Karr, Jr., said based on the upfront costs of the case he would not represent them. In a letter to Leep and three other families, including Van Ford, Karr, Jr., stated the decision to withdraw representation “should not be interpreted as a decision based on the merits of the case.” 

As a result of Leep and his neighbors pursuing litigation, the City of Huntington said they cannot comment beyond the following: 

“The City of Huntington contends there is no actual evidence that suggests any action of the City has contributed to the cause of the slope failure above Mr. Leep‘s residence. The Huntington Water Quality Board has had a preliminary engineering report prepared by Potesta Engineers and Environmental Consultants. It is this firm’s opinion that the closure of Belmont Drive by the city approximately seven years ago has not contributed in anyway to causing the slope failures the report attribute the causative agents of the slope failures to the nature of the soil and steepness of the slope.” 

WOWK TV asked the City for a copy of the engineering report by Potesta, but was denied. 

According to city council minutes from June 27, 2011, the city purchased a home owned by Ruby Lawhorn that was only accessible by Belmont Drive. In those minutes, Public Works Director David Hagley gave council members information, including briefing notes and an engineering report, stating “landslide(s)” blocked access to the home. The minutes also stated, “there are other landslides that could affect the area in the future.”

In the briefing notes titled “Road Slide Brief at Belmont Drive,” it states there were three slides, the first being reported in April of 2011. Two more slides happened after that. The first slide was “90 feet long and runs downhill about 40 feet to 50 feet,” cutting off access to the home at the end, according to the briefing notes. The second slide was reported to be “20 feet long and runs downhill approximately 30 feet and is about 10 yards from Giger Street.” The notes list the third slide as “about 20 feet long and coming down onto Belmont Drive this is about 40 yards uphill from Giger Street.” It’s also noted there was “slide on Giger Street, near the intersection with Belmont Drive, which has shut down a section of Giger Street.” 

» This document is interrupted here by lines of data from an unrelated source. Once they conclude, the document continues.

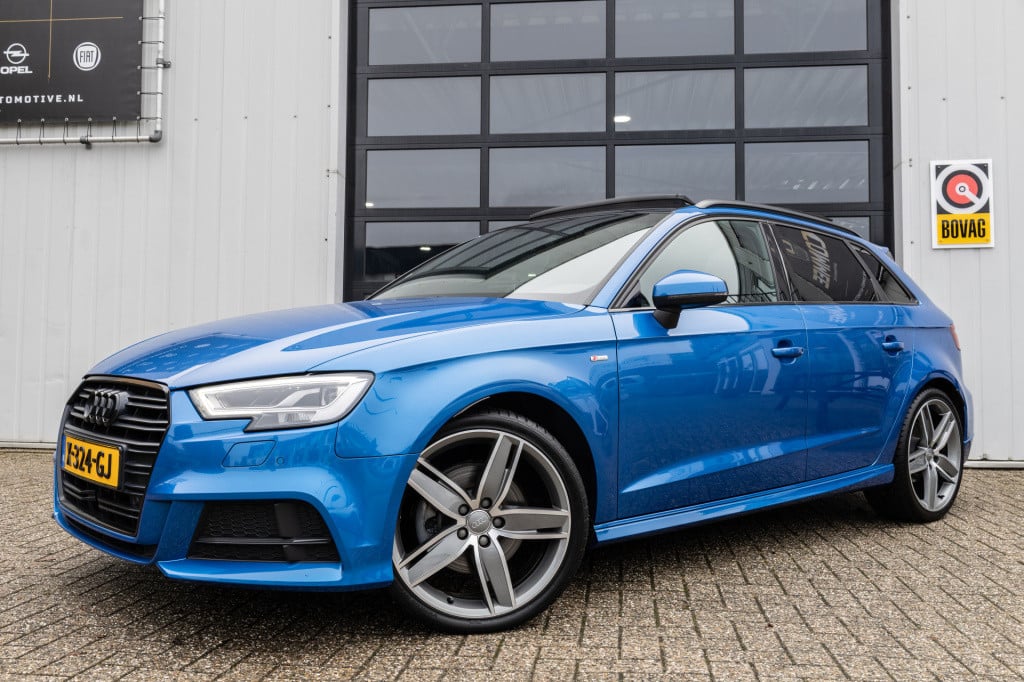 Audi A3 sportback 1.5 tfsi s line edition ✅pano✅matrix✅optiekzwart✅b&o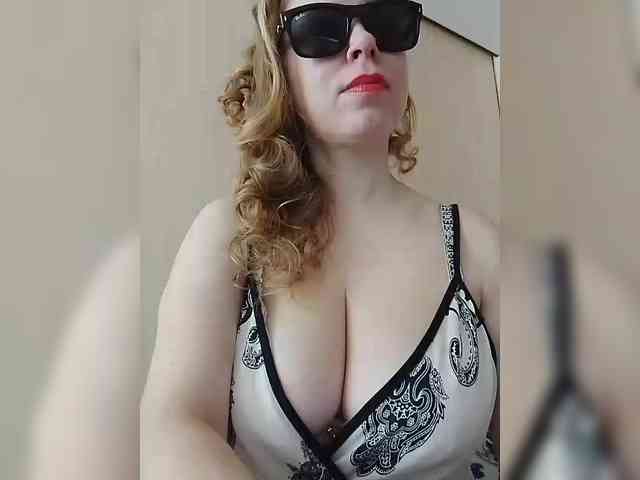 Dashulya666 webcam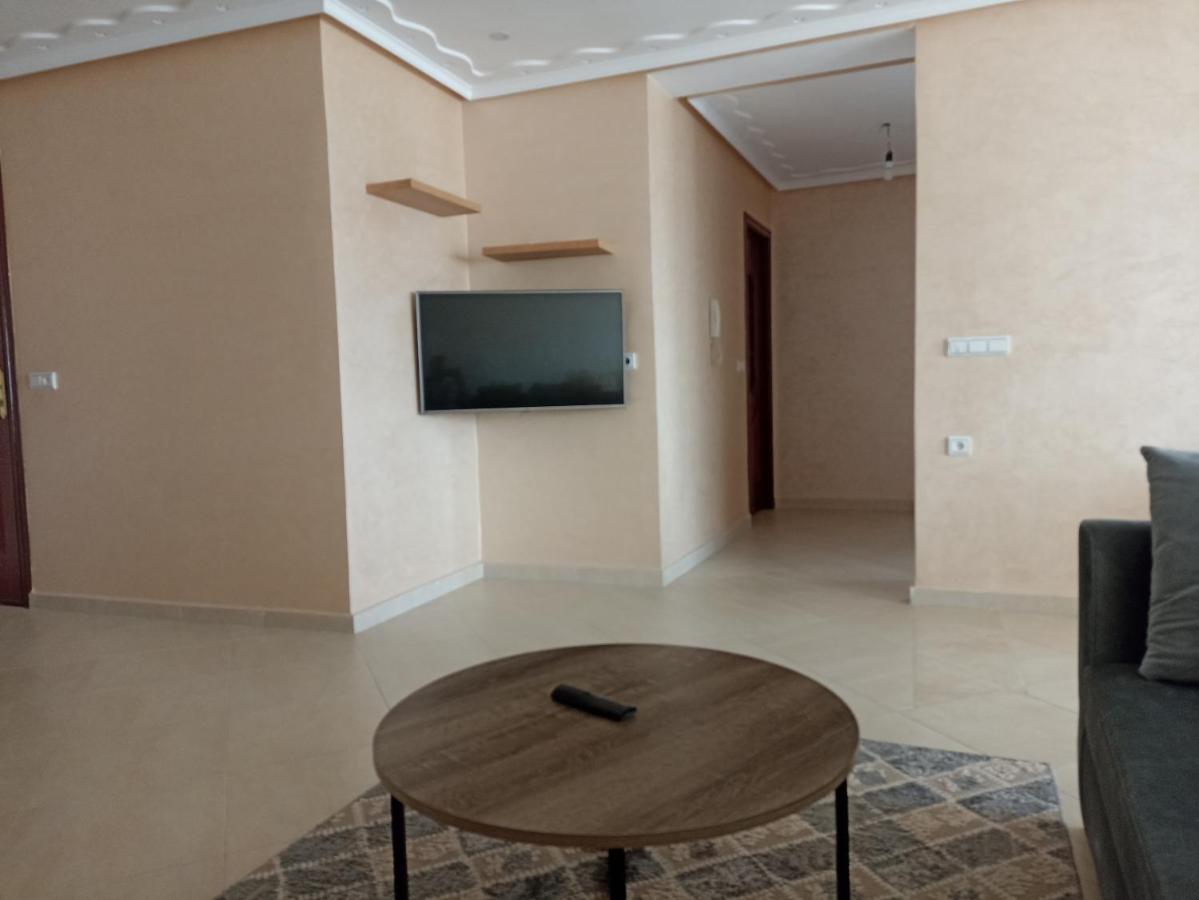 Appartement Familial Au Centre De Nador Ville Extérieur photo
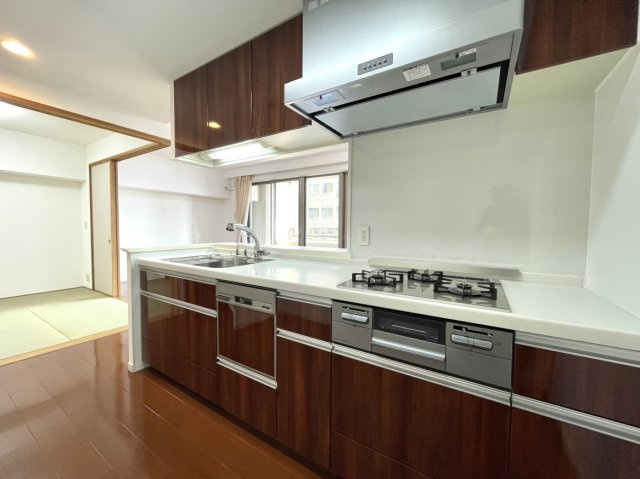 ポレスタータワー出島水辺の森のキッチン|LDKと空間的に繋がりのあるシステムキッチンです。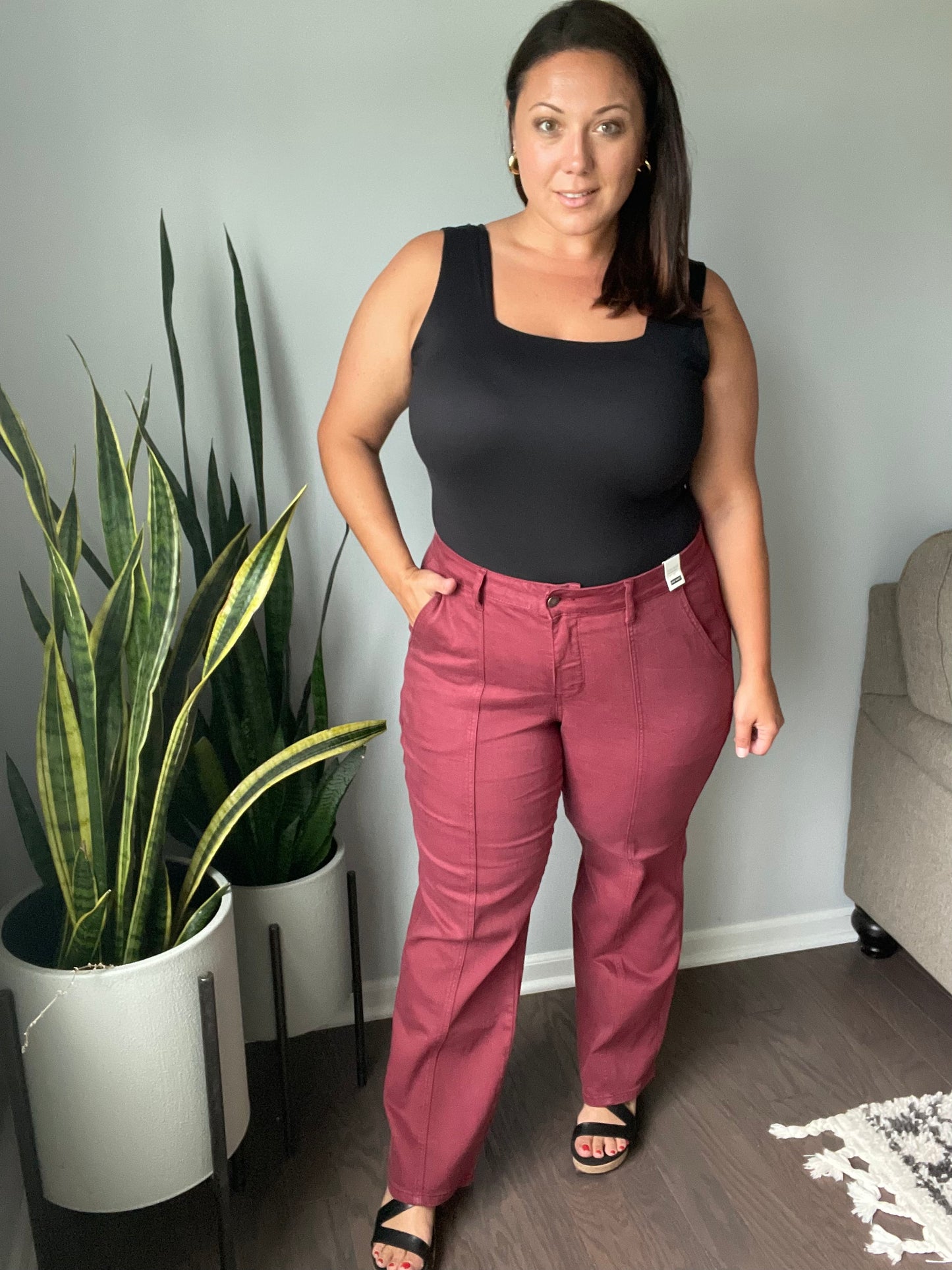 Phoebe High Rise Front Seam Straight Jeans in Burgundy
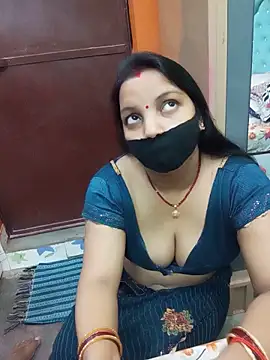 Snapshot of Manjudear chatting on 06-14-26, 04:20 Manjudear online show from 06-14-26, 04:20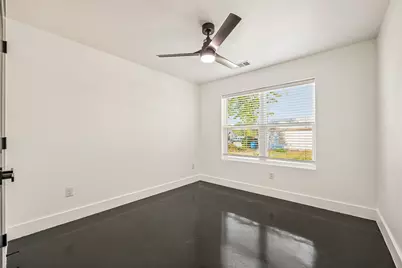613 W Florence Street, Denison, TX 75020 - Photo 17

According to media reports the landslides began after a period of heavy rain in April of 2011. The city closed Belmont Drive after the slides were reported. Ruby Lawhorn lived in the home at the time was relocated to a hotel paid for by the city. According to briefing notes, the cost for hotel expenses were $1,000 per week. 

During the city council meeting, options were presented including repairing all the slides and making the road accessible or purchasing the home at the end of Belmont Drive. Estimates to fix the initial slide it would cost the city between $75,000 and $100,000. 

According to the briefing notes, the latter of the two options was recommended to councilmembers stating by buying the home at the end of the Belmont Road for $59,000 “more time is available to develop a plan for the slides to be repaired while not incurring additional costs from hotel accommodations” from the homeowner. 

Council approved the purchase of the home in a 5-4 vote. According to the minutes, Councilman Nate Randolf stated he “felt that the City should not have taken over this road. This is a good example showing that such actions should be very carefully considered. 

The Herald-Dispatch reported June 28, 2011, then Huntington City Attorney Scott McClure is quoted as saying this incident is unique. The newspaper report states McClure said, “I can’t predict what a judge will say in the future, but the circumstances of this particular incident are not likely to occur again.”